Meningkatkan Produktivitas Tanaman Pala dengan Teknologi Sambung Pucuk

Pertanianku — Tanaman pala termasuk komoditas unggulan Indonesia dengan nilai ekspor yang sangat besar. Sayangnya, produktivitas tanaman pala di Indonesia masih terbilang sangat rendah hanya sekitar 0,5 ton/hektare. Padahal, Kementerian Pertanian (Kementan) telah merilis beberapa varietas unggul dengan tingkat produktivitas yang tinggi sekitar 3,7 ton/hektare. Salah satu solusi untuk permasalahan tersebut adalah teknologi sambung pucuk (grafting).

prduktivitas tanaman pala
foto: pertanianku

Teknologi sambung pucuk ditawarkan oleh Balittro untuk menyediakan benih yang berasal dari perbanyakan vegetatif.

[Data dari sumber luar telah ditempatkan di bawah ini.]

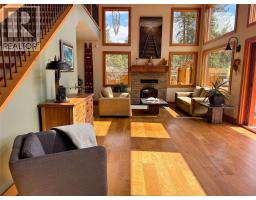 750 395 Highway, Christina Lake, BC V0H1E0 Photo 17
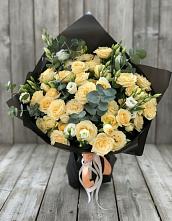 Букет цветов из:  Розы и Лизиантусы в Марьино Курской области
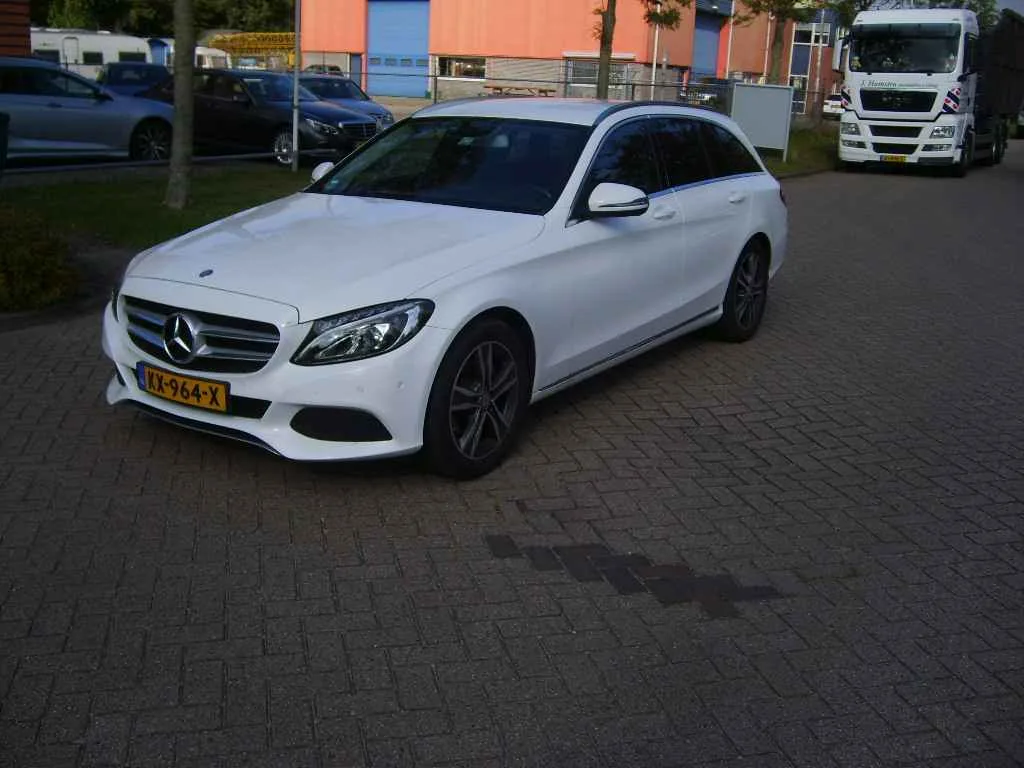 Mercedes-Benz C-Klasse (2016) — foto 1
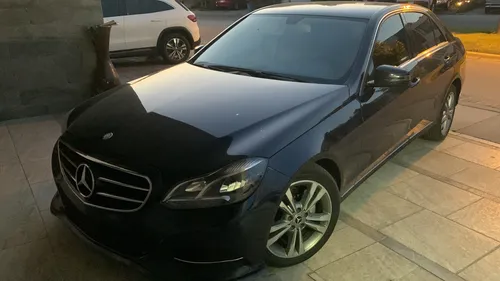 Mercedes-Benz Clase E E200 avantgard 4 cil turbo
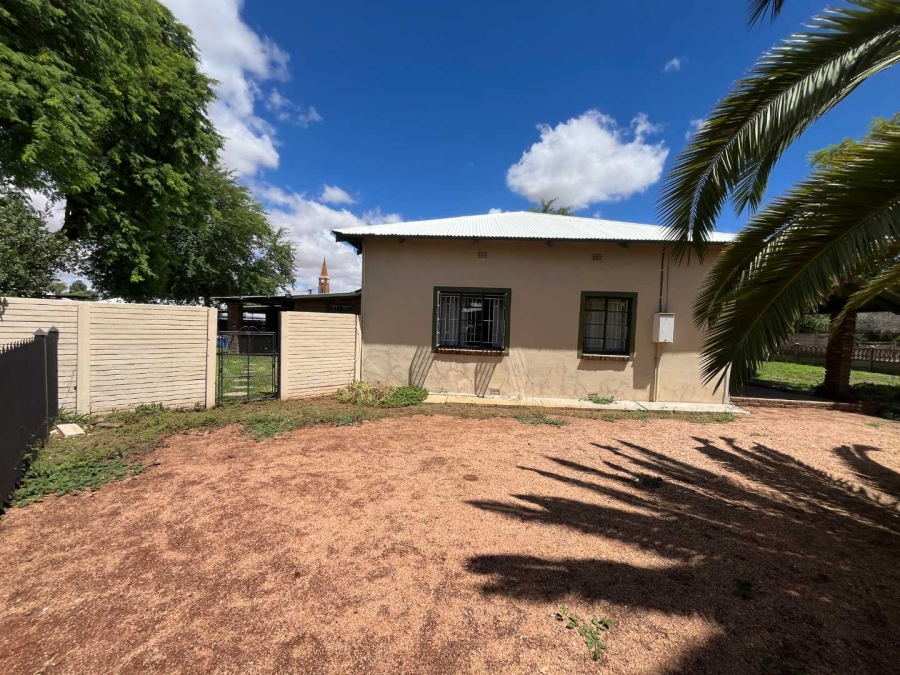 5 Bedroom Property for Sale in Die Rand Northern Cape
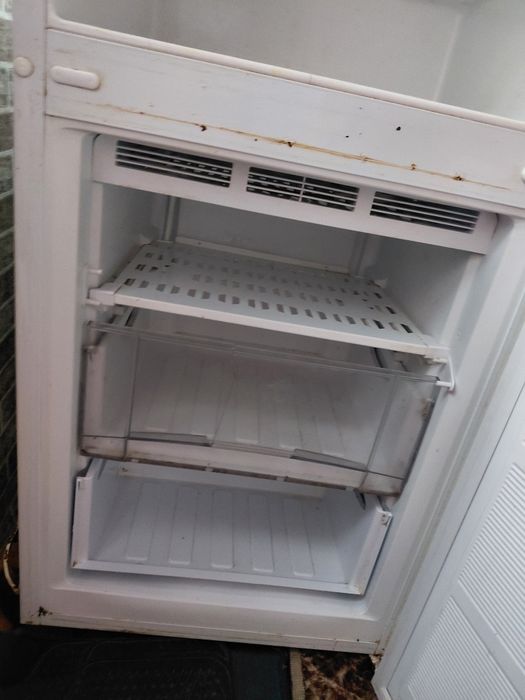 Продам холодильник Кристал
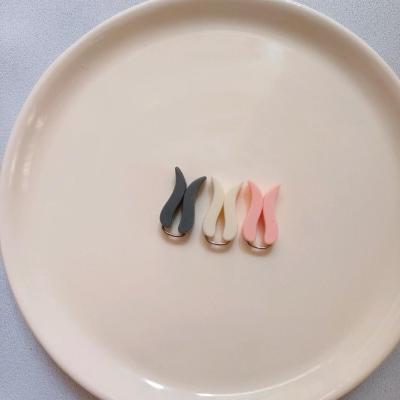 گیره روسری استیل طوسی کرم صورتی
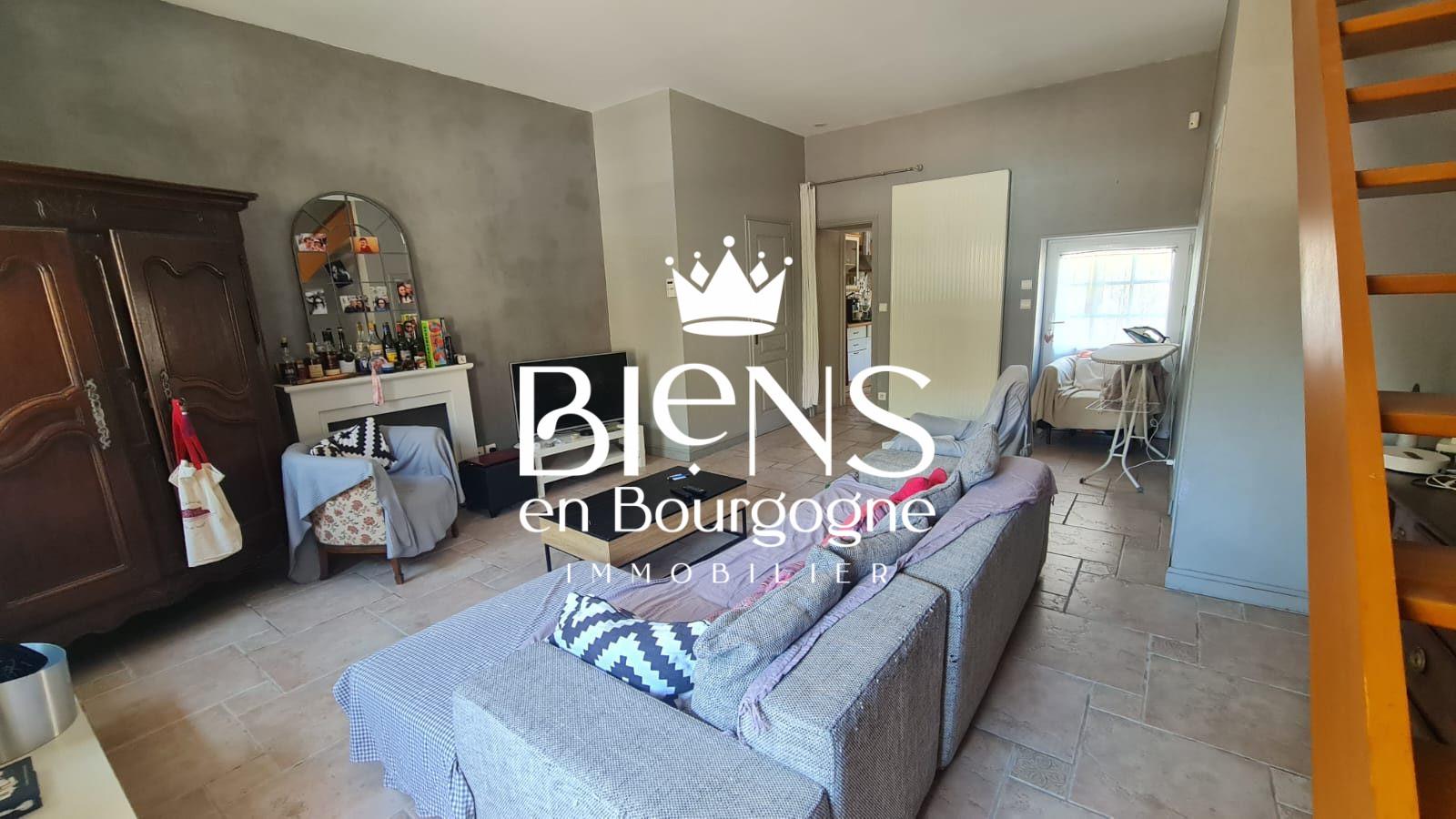 Demigny Renovated 3 Bedroom Farmhouse With Pool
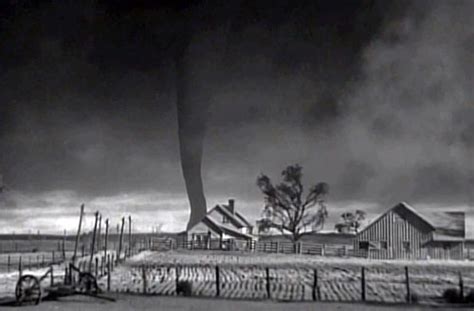900 Am Wizard Of Oz Tornado Scene Remains A Classic — Perspecta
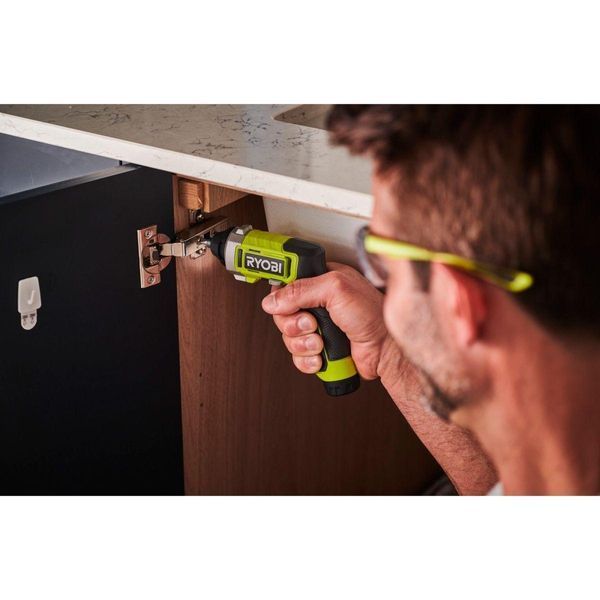 Викрутка акумуляторна Ryobi USB Lithium RSD4-120TA2 4В 1х2А&middot;год 5Нм 200об&middot;хв 2 насадки 10 біт 0.31кг кейс 5133 5133006211 фото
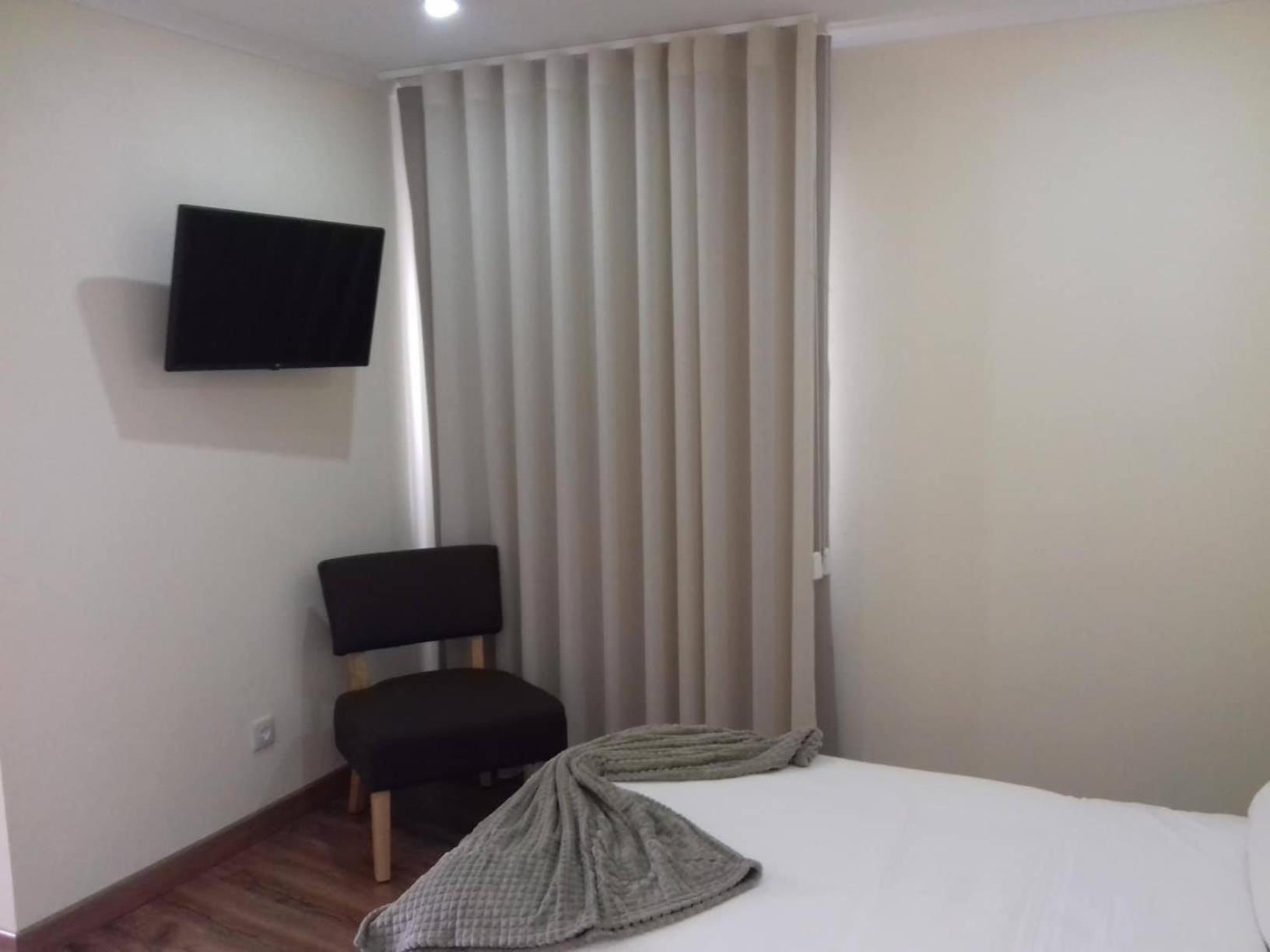 Twin Room - Photo 1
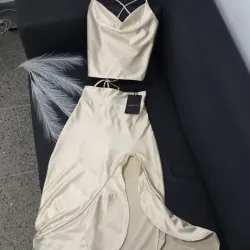 Cjnto elegante top drapeado saya vuelo y abertura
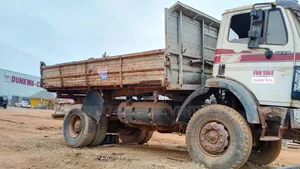 Benz Tipper Single Axle V8 4x4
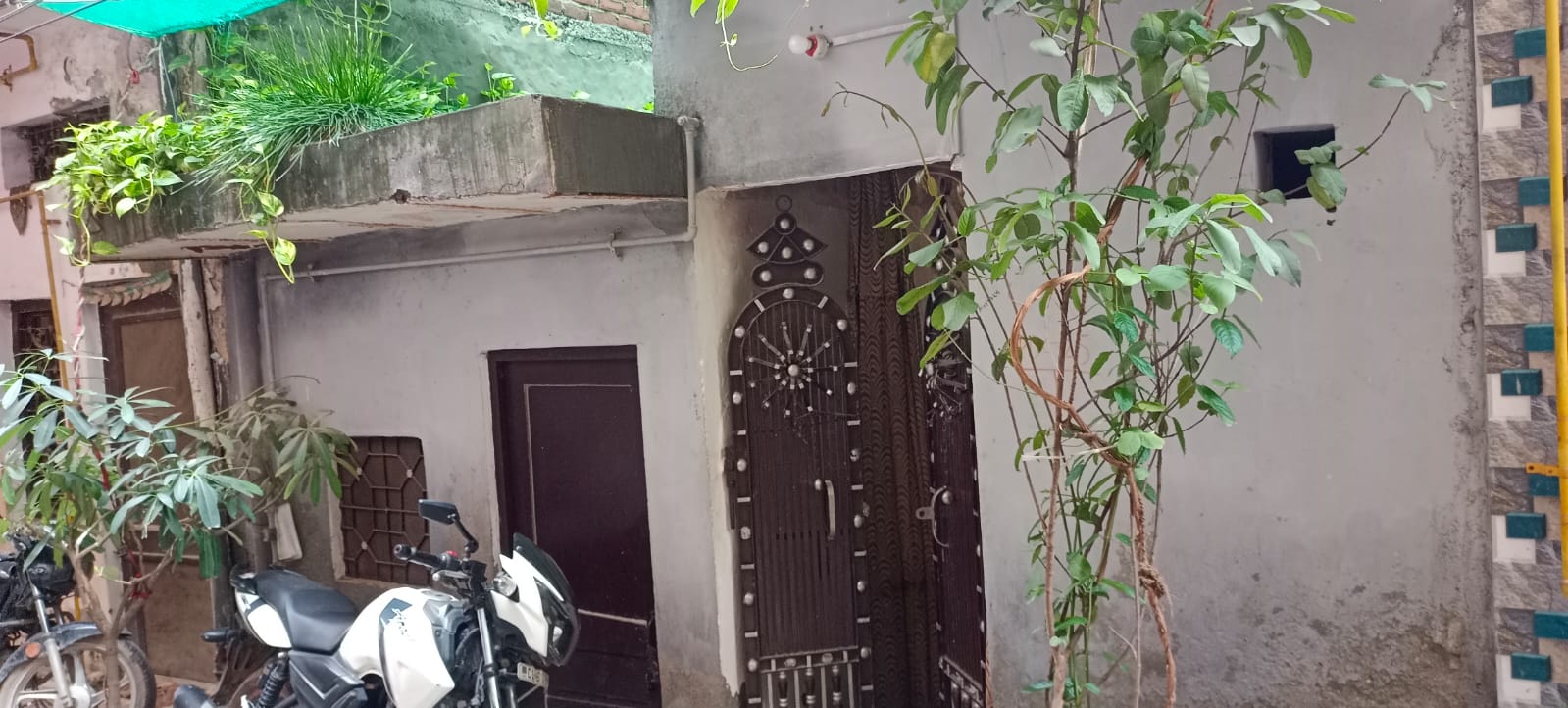 2 BHK + Extra Room Independent House For Sale in Burari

“Keunggulan teknologi grafting di antaranya kita tahu dari awal bahwa tanamannya jantan atau betina sehingga saat menanam bisa diatur. Misalnya untuk sekian tanaman betina, tanaman jantannya cukup satu saja untuk penyerbukan,” papar Kepala Balitbangtan Dr. Fadjry Djufry seperti dikutip dari laman litbang.pertanian.go.id.

Teknologi sambuk pucuk juga bisa memberikan keuntungan berupa produktivitas tanaman yang lebih tinggi dan lebih cepat berbuah. Dengan teknologi sambung pucuk ini, kerapatan tanaman dalam satu hektare bisa ditingkatkan kembali sehingga produktivitas lahan secara umum akan meningkat.

Peneliti Balittro Sri Wahyuni memaparkan saat ini belum banyak varietas tanaman yang sudah dilepas di Indonesia, tidak seperti tanaman pangan atau hortikultura. Beberapa varietas pala yang baik dari kelompok Myristica fagrans adalah varietas Ternate 1, Tobelo 1, Tidore 1, Banda, Makian, Nurpakuan Agribun, Tiangau Agribun, dan Patai. Selain itu, ada satu varietas dari kelompok Myristica argentaea, yaitu Fakfak.

Varietas Myristica fagrans banyak terdapat di Maluku, Sumatera, dan Sulawesi. Sementara itu, varietas Myristica argentaea tersebar luas di Papua Barat.

Peneliti Balittro, Agus Ruhnayat menjelaskan bahwa ada beberapa faktor yang menyebabkan produksi pala di Indonesia masih rendah. Misalnya, sistem budidaya yang masih dilakukan seadanya, varietas yang digunakan asal-asalan, serta komposisi tanaman pala dan betina yang tidak ideal.

Jenis kelamin tanaman pala baru bisa diketahui setelah tanaman memasuki fase generatif, yaitu setelah berbunga atau sekitar 6—8 tahun setelah ditanam.

Menurut Agus, jika 100 biji pala ditanam, umumnya akan menghasilkan 55 persen tanaman betina, 40 persen jantan, dan 5 persen hemaprodit. Kondisi tersebut menyebabkan produksi per hektare rendah karena terlalu banyak jumlah pejantan, sedangkan pejantan yang dibutuhkan tidak begitu banyak. Selain itu, produktivitas yang rendah juga disebabkan oleh posisi jantan dan betina yang berjauhan.

Masalah tersebut bisa diatasi dengan perbanyakan vegetatif melalui sambung pucuk dari tanaman induk yang unggul.

“Tujuan grafting secara umum agar tanaman sama unggulnya seperti induknya. Kita menyambung atau me-grafting pala varietas unggul maka akan unggul seperti induknya. Kedua bisa cepat berbuah,” terang Agus.